My experience has led me to back off, when someone approaches me aggressively. Regardless of whether they are trying to sell me something, or take a tour or a taxi. I always feel somehow, like I’m getting hustled or being taken advantage of.
That is not a good feeling, which is why I immediately refuse or walk away
When you feel like you’re getting hustled, you most likely are being hustled. I decided to take the long route since I wanted to see the Inca bridge. Once I laid my eyes for the first time on Machu Picchu, I was totally speechless.
I had questions, to which no one seemed to have the exact answer to. Most of the tour guides spoke in “we think this is like this because” or “we think it is because”. Why is the lawn so green? I quickly retracted that particular question, as I knew that they watered it regularly, simply to keep the tourists happy.
I meandered along the pathway, capturing my memories of Peru with my typical Wandering Trader pointing picture. I eventually made my way to the Inca Bridge. The bridge was sealed off and for good reason. The bridge seem to consist of a few pieces of wood tied together. Oh Peru, here you are!
I did what any adventurous traveler will do, by moving the barrier aside. I then soon proclaimed myself king of the bridge, after I had crossed it. Today, I am one of those travelers that can say, that I not only visited Machu Picchu, but I was one of the few people who actually crossed the Inca bridge.
How terrifying, I would never cross it again, I know now why they have barriers on the Inca Bridge.
After the frightening experience crossing the bridge, that I had really no business doing, I quickly crossed the bridge back. This time more carefully, as I headed back towards Machu Picchu to tour the entire complex. The walk back wasn’t as fun, since I had the suspicion that I would soon get stopped. A result of me crossing the homemade wooden barrier.
I entered the complex and started to explore with my video camera, in the record position! I overheard a conversation and decided to listen in.. “who invented the first telephone”? asked the tour guide. He quickly interrupted by telling us, it was the Incas!
We approached a small open aired corridor and he had a few people stare into squared crevices that were in the wall. I wasn’t sure what to think of it, until I heard the other women who had her face in another crevice say, “I can hear you”! Apparently the Inca’s invented the telephone, but our Western historians apparently didn’t get the message.
It’s one of many small happenings, that makes Machu Picchu so interesting. One of the cool things that I was able to see was the llamas grazing in the field, right in the middle of the complex. Like seeing Machu Picchu by itself wasn’t enough right? I was able to get some excellent shots of a baby alpaca, following behind its mother.

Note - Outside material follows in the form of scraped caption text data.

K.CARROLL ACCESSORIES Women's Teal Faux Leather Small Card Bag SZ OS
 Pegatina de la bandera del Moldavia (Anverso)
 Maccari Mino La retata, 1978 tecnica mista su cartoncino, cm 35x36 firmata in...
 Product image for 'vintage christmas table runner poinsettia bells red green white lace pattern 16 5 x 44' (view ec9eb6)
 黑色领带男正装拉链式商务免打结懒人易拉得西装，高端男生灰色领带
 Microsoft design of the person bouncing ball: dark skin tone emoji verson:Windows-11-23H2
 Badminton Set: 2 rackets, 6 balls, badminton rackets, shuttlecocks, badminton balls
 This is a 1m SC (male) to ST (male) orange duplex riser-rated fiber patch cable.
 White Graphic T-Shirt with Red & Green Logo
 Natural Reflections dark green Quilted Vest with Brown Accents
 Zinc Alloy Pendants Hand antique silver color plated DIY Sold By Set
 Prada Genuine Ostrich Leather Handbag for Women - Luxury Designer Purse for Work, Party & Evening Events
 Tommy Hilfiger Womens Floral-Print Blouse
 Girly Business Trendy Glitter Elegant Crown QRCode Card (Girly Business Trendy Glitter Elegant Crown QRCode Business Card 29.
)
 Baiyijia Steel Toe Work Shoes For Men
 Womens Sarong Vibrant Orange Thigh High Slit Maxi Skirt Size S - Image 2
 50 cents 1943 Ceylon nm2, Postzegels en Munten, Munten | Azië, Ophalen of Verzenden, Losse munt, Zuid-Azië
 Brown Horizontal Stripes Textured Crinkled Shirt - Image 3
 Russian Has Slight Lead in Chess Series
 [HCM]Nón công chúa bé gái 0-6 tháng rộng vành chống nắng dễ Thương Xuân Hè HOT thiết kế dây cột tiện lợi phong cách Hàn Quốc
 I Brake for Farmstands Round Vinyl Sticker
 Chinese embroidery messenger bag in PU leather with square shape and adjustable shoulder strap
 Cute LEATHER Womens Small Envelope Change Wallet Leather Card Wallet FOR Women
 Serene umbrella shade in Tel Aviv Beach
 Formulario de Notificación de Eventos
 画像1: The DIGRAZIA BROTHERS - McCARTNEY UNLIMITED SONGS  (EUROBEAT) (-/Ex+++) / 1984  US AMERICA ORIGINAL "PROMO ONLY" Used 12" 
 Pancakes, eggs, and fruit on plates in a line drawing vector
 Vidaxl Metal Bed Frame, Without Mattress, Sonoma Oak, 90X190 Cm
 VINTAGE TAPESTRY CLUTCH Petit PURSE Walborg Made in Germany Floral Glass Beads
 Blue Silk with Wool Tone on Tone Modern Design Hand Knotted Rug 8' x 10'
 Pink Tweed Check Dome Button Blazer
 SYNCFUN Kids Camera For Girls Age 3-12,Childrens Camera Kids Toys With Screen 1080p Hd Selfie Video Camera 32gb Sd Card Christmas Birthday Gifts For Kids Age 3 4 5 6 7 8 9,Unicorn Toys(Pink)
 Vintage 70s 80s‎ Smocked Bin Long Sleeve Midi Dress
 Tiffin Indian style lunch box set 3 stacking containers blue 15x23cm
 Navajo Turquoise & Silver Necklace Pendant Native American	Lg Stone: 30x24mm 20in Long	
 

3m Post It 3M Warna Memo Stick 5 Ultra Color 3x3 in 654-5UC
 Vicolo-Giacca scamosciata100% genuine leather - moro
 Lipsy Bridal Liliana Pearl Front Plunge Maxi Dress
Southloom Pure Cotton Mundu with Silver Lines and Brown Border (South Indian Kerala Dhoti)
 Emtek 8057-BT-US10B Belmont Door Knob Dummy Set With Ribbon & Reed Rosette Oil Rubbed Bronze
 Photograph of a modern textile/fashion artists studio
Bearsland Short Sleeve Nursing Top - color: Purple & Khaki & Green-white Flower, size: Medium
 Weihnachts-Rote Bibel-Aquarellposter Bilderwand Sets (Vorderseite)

Machu Picchu is one of the most fascinating places that I have been to in South America. The only other times I have been left as deeply in thought, was at the Perito Moreno Glacier in Argentina, the sea turtles in French Guyana, the 2nd Jerusalem in Ethiopia, and when I was walking cheetahs in Zambia. I don’t want to give you a full list of all the cool things that I have done, but the point is:
Machu Picchu is beyond unbelievable.
Now that Peru has shared its marred past with me, it is now time to get to know Peru on a more personal level. I am even considering some overseas investing opportunities there. Travelers should make sure to spend some time in Lima, as prices keep rising. However, it is still a very affordable destination.